= Natalia Kutateladze =

Georgian mezzo-soprano

Kutateladze singing the Habenera from Carmen in 2020

Natalia Kutateladze (ნატალია ქუთათელაძე; born 1992 in Tbilisi) is a Georgian mezzo-soprano.

The granddaughter and daughter, respectively, of fellow Georgian singers Nani Bregvadze and Eka Mamaladze, Kutateladze studied at Tbilisi State Conservatoire, performing Mercedes from Bizet's Carmen and Marcellina from Mozart's The Marriage of Figaro at Tbilisi State Opera. In 2015, she moved to New York, studying at the Juilliard School with Edith Wiens and ultimately graduating there. At Juilliard, she sang the roles of Ottone from Handel's Agrippina, Minskwoman from Dove's Flight and Phèdre from Rameau's Hippolyte et Aricie.

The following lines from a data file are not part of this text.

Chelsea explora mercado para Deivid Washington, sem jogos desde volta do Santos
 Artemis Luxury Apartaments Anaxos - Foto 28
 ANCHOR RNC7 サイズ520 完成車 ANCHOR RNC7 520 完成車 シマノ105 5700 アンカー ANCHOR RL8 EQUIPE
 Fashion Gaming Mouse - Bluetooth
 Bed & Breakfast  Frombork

In 2018–19, Kutateladze was a member of the Young Artists Studio at the Bavarian State Opera, performing Flora Bervoix from Verdi's La traviata and Frédéric from Thomas's Mignon, among others. She received the second prize in the 2020 "Tenor Viñas" competition at the Liceu in Barcelona, for which she performed "Fia dunque vero; O mio Fernando" from Donizetti's La favorita. In 2021, she sang the Mistress of the Novices in the Bavarian State Opera's production of Puccini's Suor Angelica.